**What the task requires:** Down to the final line, print the records again exactly.

'''

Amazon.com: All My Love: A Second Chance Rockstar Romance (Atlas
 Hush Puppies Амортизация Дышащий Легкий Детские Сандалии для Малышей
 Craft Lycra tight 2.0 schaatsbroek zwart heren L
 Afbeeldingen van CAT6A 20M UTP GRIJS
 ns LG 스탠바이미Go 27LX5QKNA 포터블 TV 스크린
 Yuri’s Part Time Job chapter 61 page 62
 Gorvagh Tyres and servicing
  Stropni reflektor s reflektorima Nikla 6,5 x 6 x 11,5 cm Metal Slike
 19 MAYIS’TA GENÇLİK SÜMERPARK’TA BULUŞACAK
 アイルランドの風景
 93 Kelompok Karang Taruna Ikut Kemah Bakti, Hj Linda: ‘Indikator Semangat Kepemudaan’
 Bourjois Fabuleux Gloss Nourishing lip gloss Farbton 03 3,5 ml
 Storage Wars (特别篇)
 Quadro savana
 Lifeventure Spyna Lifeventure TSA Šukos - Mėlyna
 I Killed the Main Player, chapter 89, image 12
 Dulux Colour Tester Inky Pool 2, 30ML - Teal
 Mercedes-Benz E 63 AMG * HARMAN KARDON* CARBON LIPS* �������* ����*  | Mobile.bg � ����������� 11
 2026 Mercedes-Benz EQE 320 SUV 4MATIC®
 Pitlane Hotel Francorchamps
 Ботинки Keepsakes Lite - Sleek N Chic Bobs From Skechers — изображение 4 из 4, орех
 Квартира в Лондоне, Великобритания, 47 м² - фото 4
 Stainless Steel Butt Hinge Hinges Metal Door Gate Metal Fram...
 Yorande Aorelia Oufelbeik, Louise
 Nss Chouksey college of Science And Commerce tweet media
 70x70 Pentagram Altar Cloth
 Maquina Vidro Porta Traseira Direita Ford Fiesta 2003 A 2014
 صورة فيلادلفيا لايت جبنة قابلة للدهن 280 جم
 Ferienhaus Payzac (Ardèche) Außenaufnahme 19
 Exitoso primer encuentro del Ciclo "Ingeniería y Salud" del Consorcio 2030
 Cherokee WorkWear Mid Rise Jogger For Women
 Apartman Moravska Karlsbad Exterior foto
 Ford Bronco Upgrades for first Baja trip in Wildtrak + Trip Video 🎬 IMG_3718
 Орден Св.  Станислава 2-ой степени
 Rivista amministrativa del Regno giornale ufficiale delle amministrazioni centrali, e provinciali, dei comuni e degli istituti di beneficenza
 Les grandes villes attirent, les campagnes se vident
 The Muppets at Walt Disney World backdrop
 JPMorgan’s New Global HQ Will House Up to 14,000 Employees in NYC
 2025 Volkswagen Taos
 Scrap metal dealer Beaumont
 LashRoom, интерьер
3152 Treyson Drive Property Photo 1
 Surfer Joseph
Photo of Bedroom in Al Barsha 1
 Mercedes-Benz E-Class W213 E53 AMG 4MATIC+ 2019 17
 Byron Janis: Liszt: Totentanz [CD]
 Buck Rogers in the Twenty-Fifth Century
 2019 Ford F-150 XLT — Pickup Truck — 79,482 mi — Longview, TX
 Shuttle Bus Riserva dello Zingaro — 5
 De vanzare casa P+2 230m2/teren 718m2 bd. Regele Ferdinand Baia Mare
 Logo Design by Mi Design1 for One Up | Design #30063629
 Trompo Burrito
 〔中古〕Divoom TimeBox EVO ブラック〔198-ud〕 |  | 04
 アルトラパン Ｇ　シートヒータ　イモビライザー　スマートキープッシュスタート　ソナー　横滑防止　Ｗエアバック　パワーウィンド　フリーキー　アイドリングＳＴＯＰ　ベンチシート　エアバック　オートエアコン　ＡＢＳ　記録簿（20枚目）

'''

**Your solution:**
Amazon.com: All My Love: A Second Chance Rockstar Romance (Atlas
 Hush Puppies Амортизация Дышащий Легкий Детские Сандалии для Малышей
 Craft Lycra tight 2.0 schaatsbroek zwart heren L
 Afbeeldingen van CAT6A 20M UTP GRIJS
 ns LG 스탠바이미Go 27LX5QKNA 포터블 TV 스크린
 Yuri’s Part Time Job chapter 61 page 62
 Gorvagh Tyres and servicing
  Stropni reflektor s reflektorima Nikla 6,5 x 6 x 11,5 cm Metal Slike
 19 MAYIS’TA GENÇLİK SÜMERPARK’TA BULUŞACAK
 アイルランドの風景
 93 Kelompok Karang Taruna Ikut Kemah Bakti, Hj Linda: ‘Indikator Semangat Kepemudaan’
 Bourjois Fabuleux Gloss Nourishing lip gloss Farbton 03 3,5 ml
 Storage Wars (特别篇)
 Quadro savana
 Lifeventure Spyna Lifeventure TSA Šukos - Mėlyna
 I Killed the Main Player, chapter 89, image 12
 Dulux Colour Tester Inky Pool 2, 30ML - Teal
 Mercedes-Benz E 63 AMG * HARMAN KARDON* CARBON LIPS* �������* ����*  | Mobile.bg � ����������� 11
 2026 Mercedes-Benz EQE 320 SUV 4MATIC®
 Pitlane Hotel Francorchamps
 Ботинки Keepsakes Lite - Sleek N Chic Bobs From Skechers — изображение 4 из 4, орех
 Квартира в Лондоне, Великобритания, 47 м² - фото 4
 Stainless Steel Butt Hinge Hinges Metal Door Gate Metal Fram...
 Yorande Aorelia Oufelbeik, Louise
 Nss Chouksey college of Science And Commerce tweet media
 70x70 Pentagram Altar Cloth
 Maquina Vidro Porta Traseira Direita Ford Fiesta 2003 A 2014
 صورة فيلادلفيا لايت جبنة قابلة للدهن 280 جم
 Ferienhaus Payzac (Ardèche) Außenaufnahme 19
 Exitoso primer encuentro del Ciclo "Ingeniería y Salud" del Consorcio 2030
 Cherokee WorkWear Mid Rise Jogger For Women
 Apartman Moravska Karlsbad Exterior foto
 Ford Bronco Upgrades for first Baja trip in Wildtrak + Trip Video 🎬 IMG_3718
 Орден Св.  Станислава 2-ой степени
 Rivista amministrativa del Regno giornale ufficiale delle amministrazioni centrali, e provinciali, dei comuni e degli istituti di beneficenza
 Les grandes villes attirent, les campagnes se vident
 The Muppets at Walt Disney World backdrop
 JPMorgan’s New Global HQ Will House Up to 14,000 Employees in NYC
 2025 Volkswagen Taos
 Scrap metal dealer Beaumont
 LashRoom, интерьер
3152 Treyson Drive Property Photo 1
 Surfer Joseph
Photo of Bedroom in Al Barsha 1
 Mercedes-Benz E-Class W213 E53 AMG 4MATIC+ 2019 17
 Byron Janis: Liszt: Totentanz [CD]
 Buck Rogers in the Twenty-Fifth Century
 2019 Ford F-150 XLT — Pickup Truck — 79,482 mi — Longview, TX
 Shuttle Bus Riserva dello Zingaro — 5
 De vanzare casa P+2 230m2/teren 718m2 bd. Regele Ferdinand Baia Mare
 Logo Design by Mi Design1 for One Up | Design #30063629
 Trompo Burrito
 〔中古〕Divoom TimeBox EVO ブラック〔198-ud〕 |  | 04
 アルトラパン Ｇ　シートヒータ　イモビライザー　スマートキープッシュスタート　ソナー　横滑防止　Ｗエアバック　パワーウィンド　フリーキー　アイドリングＳＴＯＰ　ベンチシート　エアバック　オートエアコン　ＡＢＳ　記録簿（20枚目）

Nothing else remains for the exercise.